30 Cornelius answered, “Four days ago at this same time, three o’clock in the afternoon, I was praying at home. Suddenly a man in radiant clothing stood before me. 31 He said, ‘Cornelius, God has heard your prayers, and your compassionate acts are like a memorial offering to him. 32 Therefore, send someone to Joppa and summon Simon, who is known as Peter. He is a guest in the home of Simon the tanner, located near the seacoast.’ 33 I sent for you right away, and you were kind enough to come. Now, here we are, gathered in the presence of God to listen to everything the Lord has directed you to say.”
God has shown me that I should never call a person impure or unclean. (Acts 10:28)
For the past twelve weeks we have been looking at how God calls different people, from Moses to Peter. Of all the lessons today’s may be the most timely and important for our age.
Peter finds himself in conflict between the Jewish law and the Holy Spirit. Peter was staying in the house of Simon the Tanner, a somewhat questionable place to stay because of Jewish law. Yet it is in this setting that Peter has the vision of the sheet coming down and filled with different beast and creatures, none of which would be fit for a good Jew to eat, but God told Peter “Never consider unclean what God has made pure.”
This had to be a great new revelation to Peter. It clears the way for what happens next. A Gentile Roman Centurion was about to invite a devout a Jew into his home. We do not know much about Cornelius, except what is shared by Luke. But, I have to wonder if there is a connection between Cornelius and the Centurion that Jesus encountered in the Gospel written by Luke, as recorded in chapter 7:9 “ When Jesus heard these words, he was impressed with the centurion. He turned to the crowd following him and said, “I tell you, even in Israel I haven’t found faith like this.” If it is not the same Centurion certainly the faith is the same.
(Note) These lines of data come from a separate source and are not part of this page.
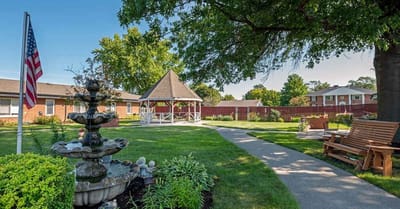 A serene outdoor space with gazebo and fountain
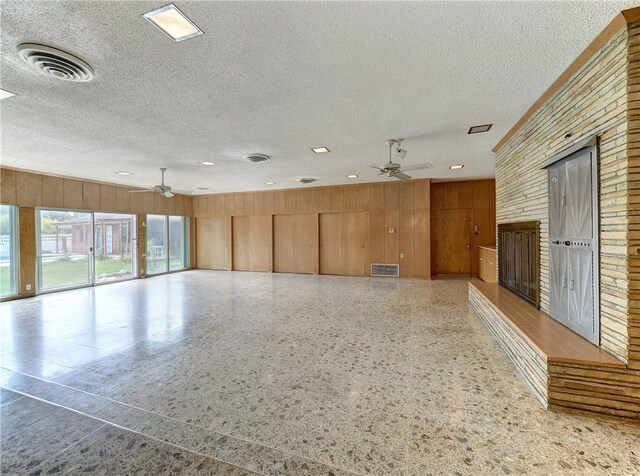 unfurnished room featuring wooden walls, a textured ceiling, and ceiling fan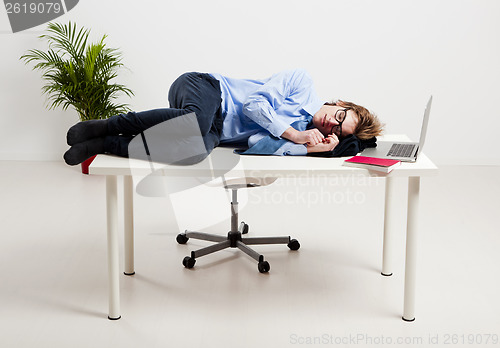 Image of Sleeping in the office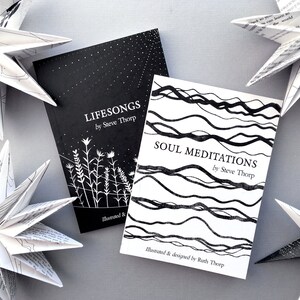 May include: Two black and white illustrated books titled "Lifesongs by Steve Thorp" and "Soul Meditations by Steve Thorp". The books are on a gray surface with white paper stars.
It was important for Luke to share both stories, because in both cases a Gentile is used, and in both cases the faith of both are extraordinary. I think it is the same soldier. Imagine the boldness of faith displayed in both stories.
The lesson the Holy Spirit teaches Peter, is a great lesson for our day. When God created man in human form there was no black, white, yellow or red, just humankind. God sent His son to redeem mankind not just one or two races but all races. Until we can accept that, we are living outside of God’s will for mankind.
All of our lessons for this quarter are about being called, but more importantly we need to get to work after we are called. There are no drones in God’s workforce only worker bees. If God has called you to salvation, then He expects you to do your job, and continue to grow as Peter grew. Prayer is about listening, you cannot tell God anything He does not know. But if you let Him talk to you through the Holy Spirit, maybe you will hear your assignment.
My hymn for this week is “Where He Leads Me, I Will Follow"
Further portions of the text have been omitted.